Well, I contacted the seller again and asked him to list them as reproductions( which they are per an email from the seller) in his listing so that no one else would mistake them for originals.  He proceeded to accuse me of calling him dishonest.  He also wrote quote ''I spent weeks of my time orchestrating a small run of these grips and if I sold 10 sets at the price the last auction sold for I would barely break even.'' If this is true then this guy has a lot of money in these grips and needs to sell them at a price much higher then what a set of reproduction grips would normally bring.  It would seem that the seller has his reason for being vague in the description!!  I hope that I am mistaken, but I do not think that he will revise his description to make it absolutely clear to all that these grips are reproductions.  They may be very good repro's, but repro's none the less.  They should be selling at repro prices and not at almost original prices.
Remember BUYER BEWARE!!!


----------



## Freqman1 (Jul 19, 2018)

Is this the seller?   stearman_325   http://rover.ebay.com/rover/1/711-5...0001&campid=5335809022&icep_item=323348534613


----------



## Whitey1736 (Jul 19, 2018)

Yes that is the seller.  Thanks HuffmanBill for making the effort to get the post updated.  Its one thing to mislead someone without intention but this seller seems quite aware.  I doubt he will update his post based on his response to you.  It seems as if he has at least 10 sets though? ... if I read into that.  

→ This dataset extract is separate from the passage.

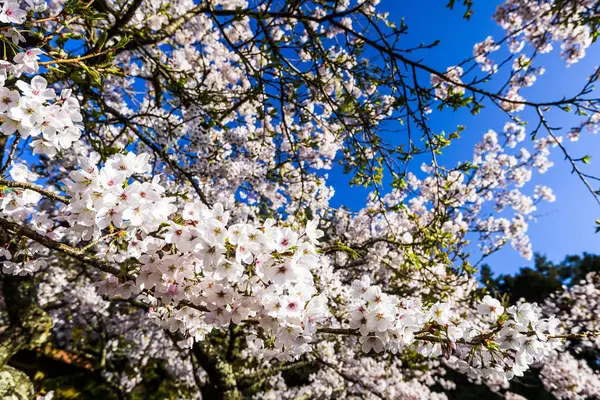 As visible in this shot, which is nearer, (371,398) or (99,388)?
(371,398)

Anyways, when I asked on the original listing if they were NOS, this was his response: "They are reproductions created from a flawless NOS original and color matched to an original grip dated 12 July 1943. Molded in rigid plastic as original in the exact original color. "  

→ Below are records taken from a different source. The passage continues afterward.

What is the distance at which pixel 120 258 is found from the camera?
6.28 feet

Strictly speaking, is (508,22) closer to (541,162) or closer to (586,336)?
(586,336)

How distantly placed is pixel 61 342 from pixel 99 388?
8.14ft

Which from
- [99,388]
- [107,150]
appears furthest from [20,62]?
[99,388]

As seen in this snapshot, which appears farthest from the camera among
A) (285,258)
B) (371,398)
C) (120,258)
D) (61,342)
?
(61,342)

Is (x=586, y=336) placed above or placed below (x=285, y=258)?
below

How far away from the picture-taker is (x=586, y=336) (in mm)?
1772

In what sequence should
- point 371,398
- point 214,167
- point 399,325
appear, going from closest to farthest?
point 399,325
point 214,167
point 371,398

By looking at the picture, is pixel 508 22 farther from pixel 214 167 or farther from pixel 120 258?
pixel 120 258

followed up by: "It’s probably worth mentioning that these were made by a professional shop with all the proper equipment and all the best materials. They weren’t made by some collector in his basement or garage. These parts are perfect in shape, size, finish and color. "

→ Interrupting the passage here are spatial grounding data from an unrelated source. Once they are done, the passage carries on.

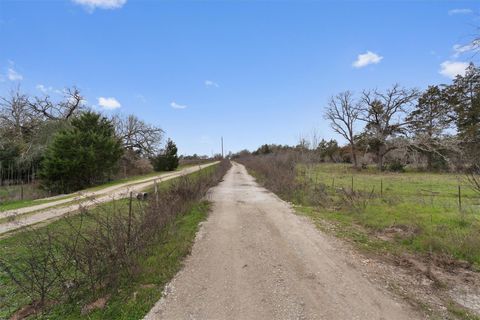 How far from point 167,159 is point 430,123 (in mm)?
38427

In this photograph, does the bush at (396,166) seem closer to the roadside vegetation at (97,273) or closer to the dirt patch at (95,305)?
the roadside vegetation at (97,273)

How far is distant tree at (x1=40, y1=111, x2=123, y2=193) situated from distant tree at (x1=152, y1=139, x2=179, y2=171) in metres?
18.5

He does seem to have a good ebay rating though.


----------



## HUFFMANBILL (Jul 19, 2018)

The ebay rating does not amount to a hill of beans in situations like this.  I went through the first six pages of his transactions and most were purchases.  Of the ones that were sales all seemed to be for old MOPAR car stuff.  The fact remains that this guy has been informed that his listing needs to be revised and clarified so that no doubt exists regarding the fact that these grips, no matter how well they are made, are in fact reproductions, nothing more - nothing less.  It was his choice to over pay to have them made and as for me I don't want to be tricked into overpaying for repro's so he can make his money back.  I would suspect that others in this forum would feel the same way that I do.  Also,  don't get me wrong, there is a place in our hobby for good reproductions, especially when the originals are so difficult to locate and in many instances sooooo expensive.  My beef is that in situations like this the potential buyer should have a right to know, by way of a clearly written and honest description, what they may be buying!


----------



## HUFFMANBILL (Jul 20, 2018)

Well, it looks like the second set of the repro. grips went for $168.50 plus shipping.  With all due respect to GPWPAT ( I trust his grandfather saw and loved his restoration) that is unbelievable!  I will give the buyer the benefit of the doubt and assume that because of the vague description he was under the impression that the Grips were original?  If that is what reproduction grips will bring now, no matter how well they are made, then I will have to seriously think about listing a couple sets of my originals at $400.00 a set! HaHa, just kidding, none of my originals are for sale. However, you do get the point.


----------



## Freqman1 (Jul 21, 2018)

I messaged the seller as well and told him I thought it was misleading not to indicate that these are reproductions. Got the explanation that reproduction implies some cheap crap made in someones basement story. Obviously he has never seen any of John's stuff. Got a feeling it will take one disgruntled seller to get him to see the light and label these for what they are. If these are truly that good then say something like "reproductions made to exacting standards at great cost and accurate in every aspect". V/r Shawn


----------



## HUFFMANBILL (Jul 21, 2018)

Freqman1 said:


> I messaged the seller as well and told him I thought it was misleading not to indicate that these are reproductions. Got the explanation that reproduction implies some cheap crap made in someones basement story. Obviously he has never seen any of John's stuff. Got a feeling it will take one disgruntled seller to get him to see the light and label these for what they are. If these are truly that good then say something like "reproductions made to exacting standards at great cost and accurate in every aspect". V/r Shawn




That is basically the same reply I received.  His excuse for not listing these grips as reproductions because that would imply cheaply made in some ones basement is '' ONE BIG LOAD OF CRAP'' and a very transparent excuse for not clearly describing them as reproductions.  He is playing on the emotions of the buyer that wants to believe they must be original because the description does not say otherwise.  Good for you Freqman1, and thank you for trying to get this guy to do the right thing!


----------



## HUFFMANBILL (Jul 28, 2018)

For anyone interested.  The 3rd set of Recent manufactured G519 handlebar grips have been listed by stearman_325.  See ebay listing #323370285081.  He has increased the starting bid to $65.00 and most importantly has made no attempt to clarify the description.  It is the same as the previous two listings.  Make no mistake, if you plan to bid, these are recent manufacture reproduction grips.  They are well made, but reproductions none the less.  Bid accordingly.


----------